幼なじみ〜first love〜
目を閉じた



世界は暗闇だよ



沙羅が弱いの…?



人はみんな弱いでしょ…?



教えて…?



この汚れた世界に



どれくらいの価値があるっていうの…?



沙羅が生きるのは



蒼がいるから



生きる世界を輝かす為には、蒼が必要なの。




約束したじゃない



パパがいなくなったあの日から




ずっとそばにいると



沙羅は何の為に生まれたの…?



誰の為に生きるの…?



何の為に生きてくの…?




教えてよ……






右足を前に出そうとした瞬間、ふわっと身体が浮き、目をパチッと開けた。




「沙羅…っ」




後ろから、蒼にぎゅうっときつく抱き締められる。




「離して…蒼」




「……離さない」




「離してよぉ…っ!沙羅はいらないんでしょ…?」




「……いなくならないで」




蒼の声は、震えていた。身体の震えを抑えるように私の身体を抱きしめているのだろうか。

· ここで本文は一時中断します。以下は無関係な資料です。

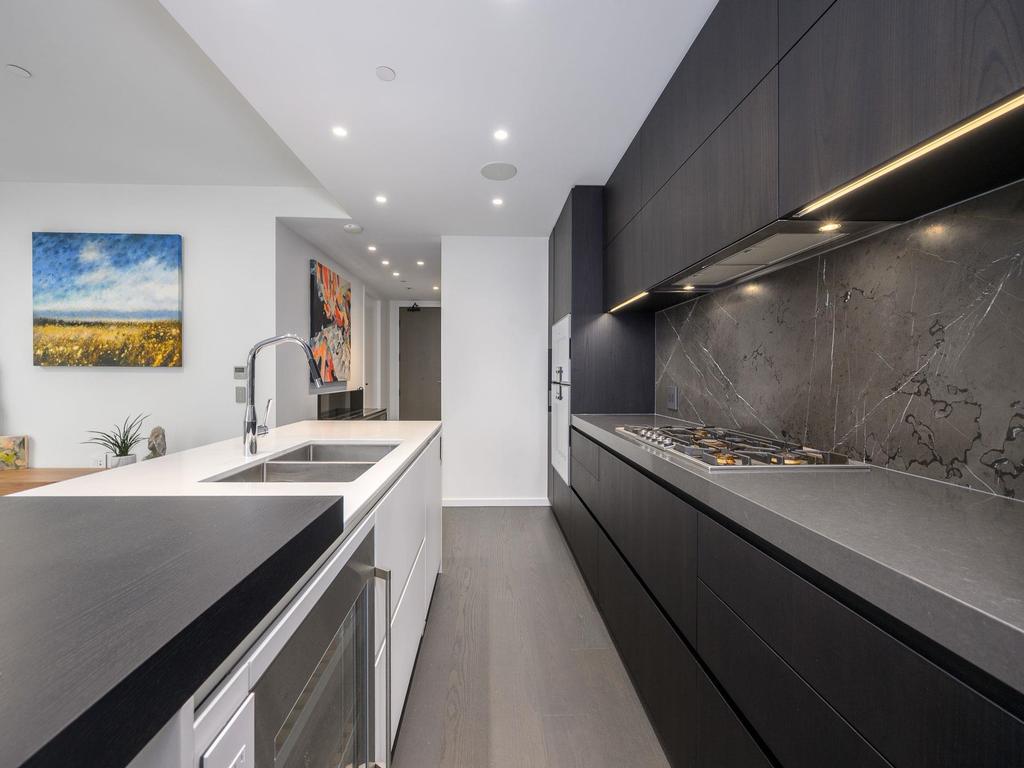 Listing Image for R3095551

「……いなくならないで……そばにいるから…沙羅のそばに……」




「……蒼」




蒼は泣いていた。私を抱き締める腕も緩む。




「蒼しかいないんだよ…」




私は、蒼の目をまっすぐに見つめた。




「……今度こそ、約束して…」




蒼の頬にそっと触れた。




「…二度と…沙羅から離れないって…約束して…」




……蒼は、静かに頷いた。




蒼は誰にも渡さない




だって蒼の存在は

私の生きる意味




蒼だけ幸せになるなんて


許さない




――…すべては私の計画通りだった。